If I say "I only love my wife" do I mean that my wife is the only person who I have any love for? That I don't love my children, my parents, my siblings, my friends, my neighbors, or that I don't love the Lord? Of course not. It would mean that I am faithful to my wife and that I am not chasing after other women. The "only" here is contextually grounded in the spousal relationship.
Likewise the historic definition of the "alone" in Scripture alone is that only Scripture can be the infallible rule of faith and practice. That does not mean that we reject the fathers, the creeds, and the historic traditions of the Church; it means that Christian faith and practice is chiefly guided by the rule of Scripture, and that which is at odds with Scripture are overruled by Scripture. Thus the command that we believe in and worship only one God means that we cannot believe in and worship any other god; that should seem somewhat obvious, but if someone out there starts preaching that there are many gods, we can point to Scripture and say, "No, we confess there is only one God and He alone do we worship." And that, precisely, is also how the historic Creeds came about, precisely by articulating the faith as we have received it from the beginning. The Creeds do not introduce novel doctrines, but affirm and articulate the true faith as we have received it from the beginning. Thus the Creeds are dependent upon Scripture, upon the unfailing rule of faith as received and confessed from the beginning as we see it witnessed to in the writings which have been received as Sacred Scripture.

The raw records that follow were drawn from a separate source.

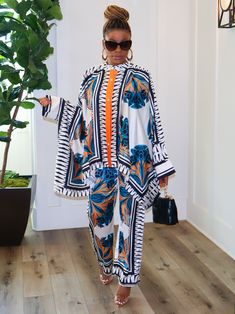 Weekend Wardrobe, Ladies Clothing, Summer Set, Oversized Look, Bold Prints, Kanye West, Oversized Fits, African Fashion, Fashion Ideas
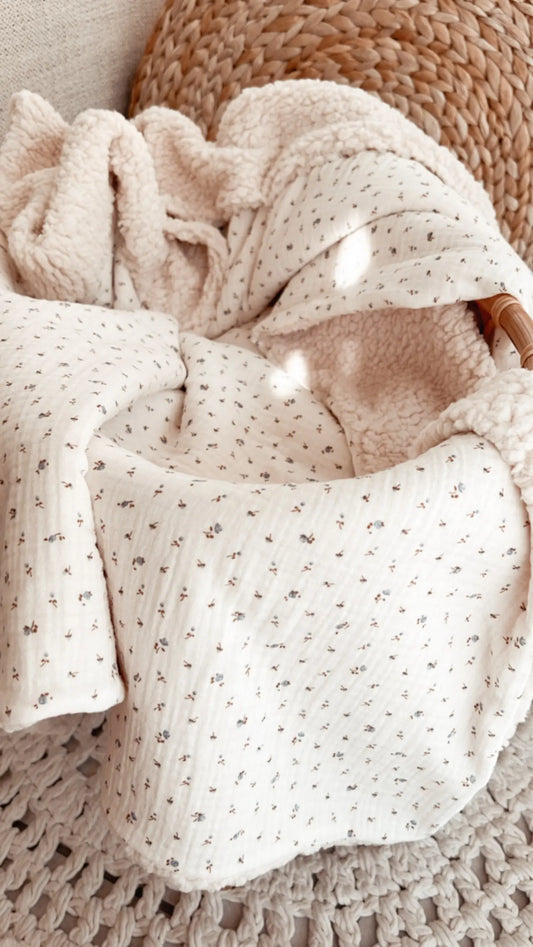 Ma première couverture - À motifs Petites fleurs bleues L atelier Oz et fee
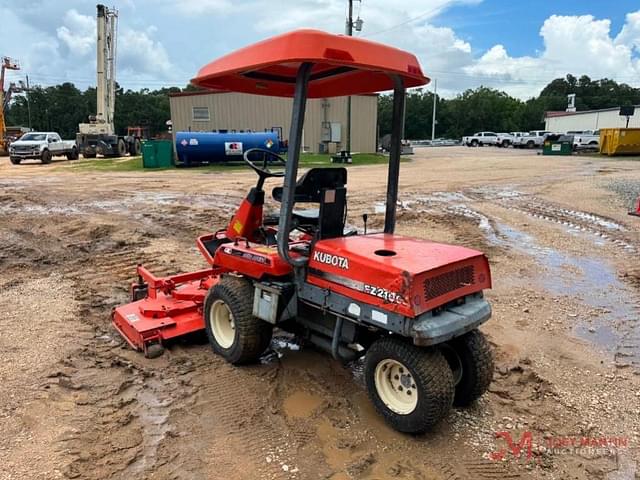 Image of Kubota FZ2100 equipment image 2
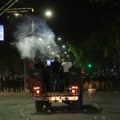 "Beograd je pretvoren u improvizovanu deponiju": Oglasilo se JKP "Gradska čistoća" o neredima nakon protesta: "Otpad je svuda…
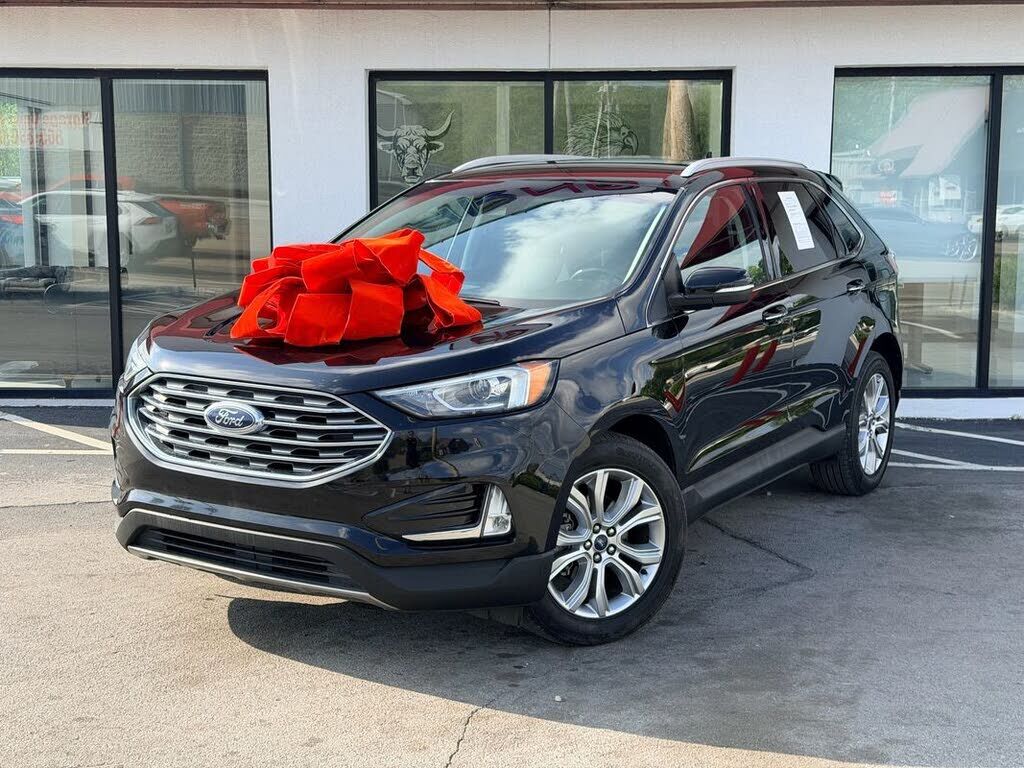 2019 FORD Edge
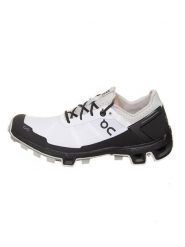 ON RUNNING Buty "Cloudventure Peak 2" w kolorze biało-czarnym do biegania rozmiar: 36,5. Białe obuwie sportowe On Running, bez zapięcia, do biegania. Za 312.58 zł.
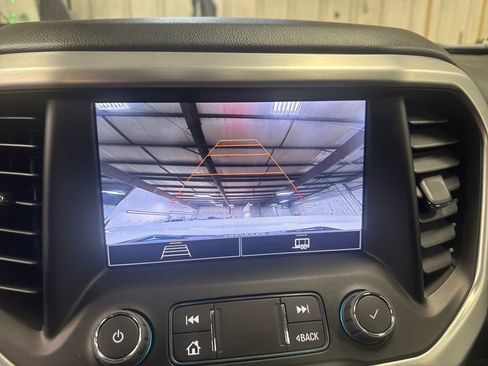 Certified 2023 GMC Acadia SLE w/ Driver Convenience Package image 23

"But the Bible is tradition", yes it is. The Canon is most definitely a tradition of the Church, and so our acceptance of the Bible is a subscribing to the tradition of the Church--there's nothing wrong with tradition, and the historic position of the Reformation Churches was never to reject or abhor the received traditions of the Church. But what the Reformation did argue was that novel teachings, practices, and traditions which were in conflict with the ancient faith and which were in conflict with the received word of God in Scripture are problematic, and that if we must choose between what those in positions of ecclesiastical authority say and what the Scriptures says, the Christian as an individual and the Church as a whole must choose Scripture over anything novel and contradictory to the apostolic faith.
It is a methodology of making address and rebuke to teachings and practices which obfuscate the truth of the Gospel, in order to preserve the Gospel as the chief article of Christian faith; that the Church faithfully preaches the word which she has been entrusted to preach from Christ her Lord.
In the centuries since the Reformation some Protestants and some Protestant groups have come to grossly misunderstand what Sola Scriptura means in its proper context. This is not the fault of Sola Scriptura, but rather the fault of those who are unwilling to understand the proper history and context. Sola Scriptura only makes sense in the context of historical Christianity, removed from that context and it largely becomes meaningless, and little more than justification for some to engage in carte blanche DIY religion.